Often, fairly small adjustments would make a huge difference – but with the stigma often attached to disability, it’s no surprise that we're often hesitant to bring up adaptations we need. But without support, disabled people often find ourselves pushed out of work or unable to progress our careers, isolated from our wider communities, and struggling to make ourselves heard or included.
By creating workplaces and services where we can welcome all of someone – neither ignoring their struggles, disadvantages or individual experiences, nor treating that as the whole of who they are – we can create spaces where people are free to bring all of themselves.

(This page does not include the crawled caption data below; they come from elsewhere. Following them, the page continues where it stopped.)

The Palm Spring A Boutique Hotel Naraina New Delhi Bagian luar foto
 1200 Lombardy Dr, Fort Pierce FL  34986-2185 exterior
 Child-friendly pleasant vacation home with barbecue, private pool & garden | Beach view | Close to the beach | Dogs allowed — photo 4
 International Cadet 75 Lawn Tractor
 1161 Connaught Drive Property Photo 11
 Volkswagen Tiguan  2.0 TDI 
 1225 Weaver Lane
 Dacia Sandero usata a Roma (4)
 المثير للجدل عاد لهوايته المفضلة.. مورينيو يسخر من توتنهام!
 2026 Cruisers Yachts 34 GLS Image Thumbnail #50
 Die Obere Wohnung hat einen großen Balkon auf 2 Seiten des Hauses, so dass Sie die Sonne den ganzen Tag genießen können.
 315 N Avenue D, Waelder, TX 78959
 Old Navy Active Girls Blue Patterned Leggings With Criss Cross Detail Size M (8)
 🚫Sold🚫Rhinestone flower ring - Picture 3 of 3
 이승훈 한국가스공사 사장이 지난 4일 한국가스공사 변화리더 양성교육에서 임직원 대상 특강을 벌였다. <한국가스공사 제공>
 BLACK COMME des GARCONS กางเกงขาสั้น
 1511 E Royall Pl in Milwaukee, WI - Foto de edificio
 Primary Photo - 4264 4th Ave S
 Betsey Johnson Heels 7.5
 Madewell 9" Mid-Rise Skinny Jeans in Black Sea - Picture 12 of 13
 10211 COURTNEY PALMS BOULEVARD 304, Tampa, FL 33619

If we don’t work to create open, inclusive and supportive spaces for everyone, we certainly can’t claim to be living up to our values of compassion, respect and integrity. But breaking down the barriers that keep people out isn’t just about being inclusive for the sake of it. When we don’t actively work to include people who are often pushed out or silenced, we’re cutting ourselves off from everything those people have to share – their knowledge, experience, skills, and their part in our communities.
At least 1 in 5 people in Scotland experience a disability which affects their everyday life. When no effort’s made to meet people where they’re at – whether that’s with physical or mental health issues, sensory or mobility impairment, chronic illness, or with past trauma – that leaves millions of people facing a constant uphill battle to be heard. And that’s not just bad for those of us who are disabled – it's bad for everyone.
Understanding and welcoming the diversity and depth of individual needs, struggles and experiences is vital to building lasting positive change.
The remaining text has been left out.